A biological model is proposed to account for the steep rise of human cancer incidence with age. The model casts in mathematical terms the assumptions that each clone destined to give rise to a detectable tumor displays a characteristic net growth rate and that the assembly of such clones displays a distribution of growth rates. Incidence is introduced as the rate of appearance of clones whose size permits detection.
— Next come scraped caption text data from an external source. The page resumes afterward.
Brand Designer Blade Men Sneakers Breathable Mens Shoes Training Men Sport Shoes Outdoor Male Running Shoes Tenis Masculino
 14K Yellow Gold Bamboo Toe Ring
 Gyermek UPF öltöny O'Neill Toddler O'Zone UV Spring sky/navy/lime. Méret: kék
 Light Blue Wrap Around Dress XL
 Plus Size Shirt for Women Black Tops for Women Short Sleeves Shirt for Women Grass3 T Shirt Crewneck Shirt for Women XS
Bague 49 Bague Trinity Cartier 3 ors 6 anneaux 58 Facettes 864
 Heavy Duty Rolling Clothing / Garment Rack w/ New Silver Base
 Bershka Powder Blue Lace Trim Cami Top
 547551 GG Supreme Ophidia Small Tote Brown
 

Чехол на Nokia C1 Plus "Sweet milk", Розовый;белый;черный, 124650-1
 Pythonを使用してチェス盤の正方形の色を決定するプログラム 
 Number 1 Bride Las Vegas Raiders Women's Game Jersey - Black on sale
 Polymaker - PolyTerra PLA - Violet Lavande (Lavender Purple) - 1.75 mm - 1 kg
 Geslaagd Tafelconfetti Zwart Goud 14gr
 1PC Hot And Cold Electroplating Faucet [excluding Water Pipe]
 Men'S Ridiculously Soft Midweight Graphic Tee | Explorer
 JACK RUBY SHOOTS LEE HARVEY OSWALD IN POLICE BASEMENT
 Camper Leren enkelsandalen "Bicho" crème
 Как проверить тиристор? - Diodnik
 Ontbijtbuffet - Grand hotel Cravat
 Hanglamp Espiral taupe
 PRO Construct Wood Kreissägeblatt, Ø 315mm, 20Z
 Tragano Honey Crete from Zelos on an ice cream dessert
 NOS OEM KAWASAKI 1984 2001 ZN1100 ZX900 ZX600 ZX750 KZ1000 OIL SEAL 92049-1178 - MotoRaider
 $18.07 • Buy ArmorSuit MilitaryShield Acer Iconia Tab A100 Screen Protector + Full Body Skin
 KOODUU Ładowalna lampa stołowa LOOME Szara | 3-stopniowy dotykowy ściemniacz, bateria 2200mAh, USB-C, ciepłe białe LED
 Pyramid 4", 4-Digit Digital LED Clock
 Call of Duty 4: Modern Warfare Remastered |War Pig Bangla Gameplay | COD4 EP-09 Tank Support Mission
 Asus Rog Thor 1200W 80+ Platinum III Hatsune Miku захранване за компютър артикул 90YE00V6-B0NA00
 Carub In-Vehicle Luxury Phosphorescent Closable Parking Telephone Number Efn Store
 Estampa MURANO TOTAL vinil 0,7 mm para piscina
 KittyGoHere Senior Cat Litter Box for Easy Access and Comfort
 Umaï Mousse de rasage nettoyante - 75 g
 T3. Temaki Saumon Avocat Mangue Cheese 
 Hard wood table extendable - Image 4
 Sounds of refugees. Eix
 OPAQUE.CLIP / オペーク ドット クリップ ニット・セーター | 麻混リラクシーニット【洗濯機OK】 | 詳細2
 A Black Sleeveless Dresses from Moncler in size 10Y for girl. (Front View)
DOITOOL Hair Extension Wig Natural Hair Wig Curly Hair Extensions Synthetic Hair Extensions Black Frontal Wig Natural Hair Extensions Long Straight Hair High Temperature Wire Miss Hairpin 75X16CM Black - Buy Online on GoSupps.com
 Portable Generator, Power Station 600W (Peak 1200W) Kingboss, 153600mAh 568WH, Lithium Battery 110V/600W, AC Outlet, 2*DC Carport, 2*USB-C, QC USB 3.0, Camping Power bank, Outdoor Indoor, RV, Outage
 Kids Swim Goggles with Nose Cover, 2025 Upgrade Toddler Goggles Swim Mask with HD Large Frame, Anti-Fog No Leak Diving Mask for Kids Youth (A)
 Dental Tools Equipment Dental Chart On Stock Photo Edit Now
While the cancer formation process may involve a series of stages, we assume that the overall kinetics of tumor detection reflect one stage of development whose duration spans the major portion of the latent period between initial cell alteration and final detection. We further assume that the net growth rates of tumor-forming clones increase in the presence of promotors and resume their original growth rates when the promoting substance is removed. Assuming that cigarette smoke has promoting activity, we show how the model could account for the abrupt impact of cessation of smoking on subsequent lung cancer incidence. If we assume that clones destined to be detected as breast cancers experience promotional activity during the period of a woman's fertility, the model predicts that as a consequence of the slowing down of the clones a discontinuous decline in incidence would follow menopause. Since women experience menopause over a range of ages, we show how aggregating the contributions from these menopausal ages results in an overall age dependence of incidence with no discontinuities and with the observed change in the incidence rate for breast cancer near the age range of menopause.